> [How to complete this task]: Before copying, remove every picture, and then repeat all entries below precisely as written.
== Segment start ==
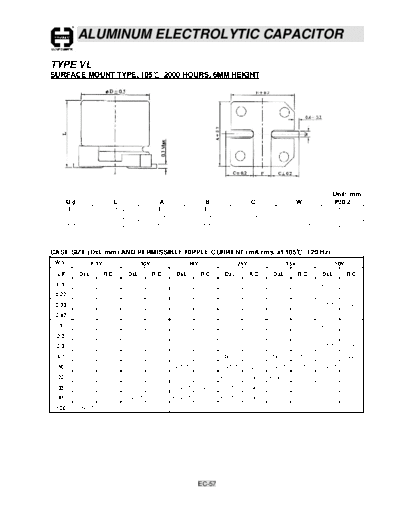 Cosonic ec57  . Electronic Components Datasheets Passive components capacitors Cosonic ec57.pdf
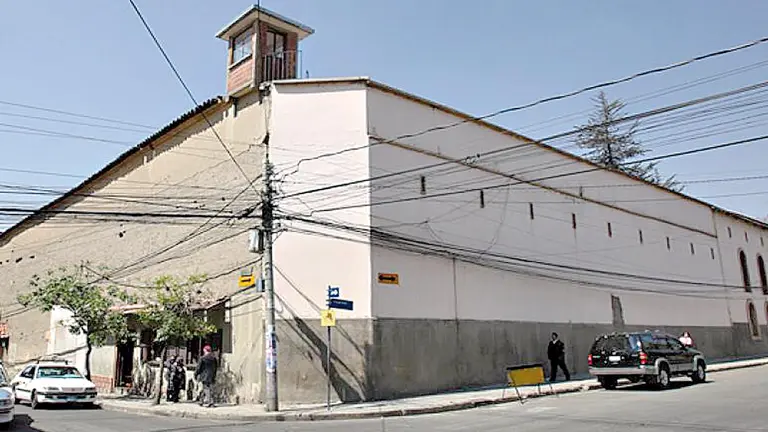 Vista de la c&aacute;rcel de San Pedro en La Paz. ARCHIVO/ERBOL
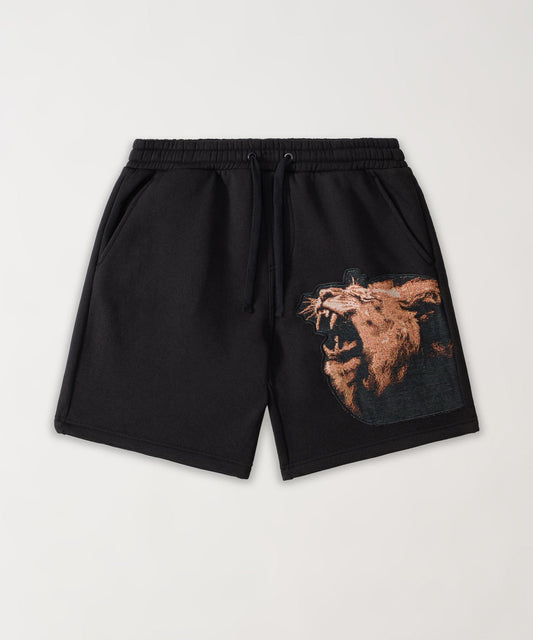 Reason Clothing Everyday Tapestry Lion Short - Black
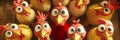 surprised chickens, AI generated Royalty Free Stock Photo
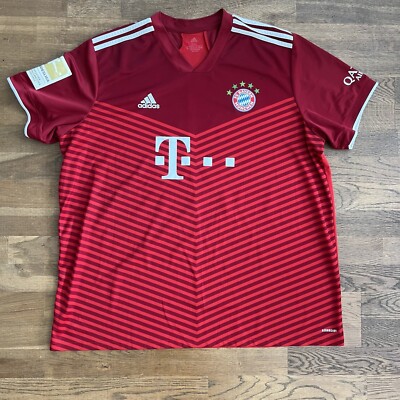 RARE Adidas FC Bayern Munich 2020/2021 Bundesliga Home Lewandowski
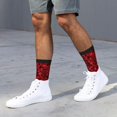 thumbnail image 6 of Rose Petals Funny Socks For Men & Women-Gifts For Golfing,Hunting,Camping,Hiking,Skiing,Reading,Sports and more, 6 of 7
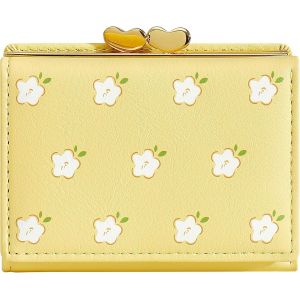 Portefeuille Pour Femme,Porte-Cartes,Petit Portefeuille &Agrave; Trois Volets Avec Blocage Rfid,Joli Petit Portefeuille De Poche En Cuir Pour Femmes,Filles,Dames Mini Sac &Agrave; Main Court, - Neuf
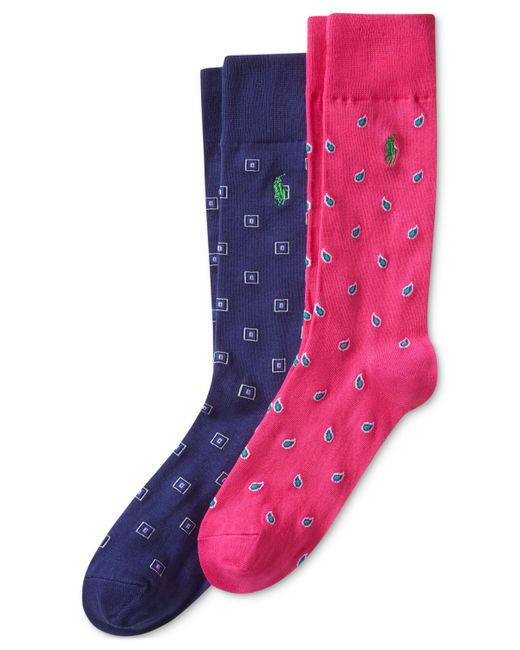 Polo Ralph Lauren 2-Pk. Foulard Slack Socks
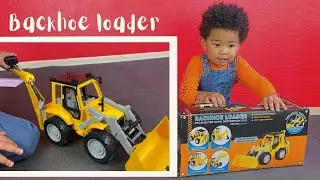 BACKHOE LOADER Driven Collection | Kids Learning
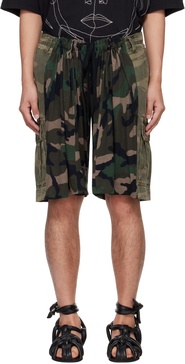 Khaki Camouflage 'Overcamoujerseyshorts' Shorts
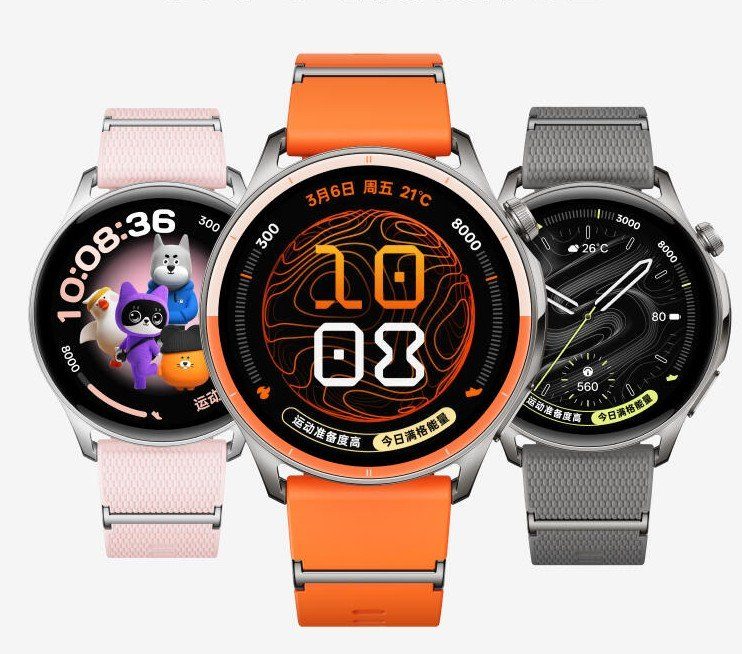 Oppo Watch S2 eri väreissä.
== Segment end ==
> [Reply]:
 Cosonic ec57  . Electronic Components Datasheets Passive components capacitors Cosonic ec57.pdf
 Vista de la c&aacute;rcel de San Pedro en La Paz. ARCHIVO/ERBOL
 Reason Clothing Everyday Tapestry Lion Short - Black
 surprised chickens, AI generated Royalty Free Stock Photo
 RARE Adidas FC Bayern Munich 2020/2021 Bundesliga Home Lewandowski
 thumbnail image 6 of Rose Petals Funny Socks For Men & Women-Gifts For Golfing,Hunting,Camping,Hiking,Skiing,Reading,Sports and more, 6 of 7
 Portefeuille Pour Femme,Porte-Cartes,Petit Portefeuille &Agrave; Trois Volets Avec Blocage Rfid,Joli Petit Portefeuille De Poche En Cuir Pour Femmes,Filles,Dames Mini Sac &Agrave; Main Court, - Neuf
 Polo Ralph Lauren 2-Pk. Foulard Slack Socks
 BACKHOE LOADER Driven Collection | Kids Learning
 Khaki Camouflage 'Overcamoujerseyshorts' Shorts
 Oppo Watch S2 eri väreissä.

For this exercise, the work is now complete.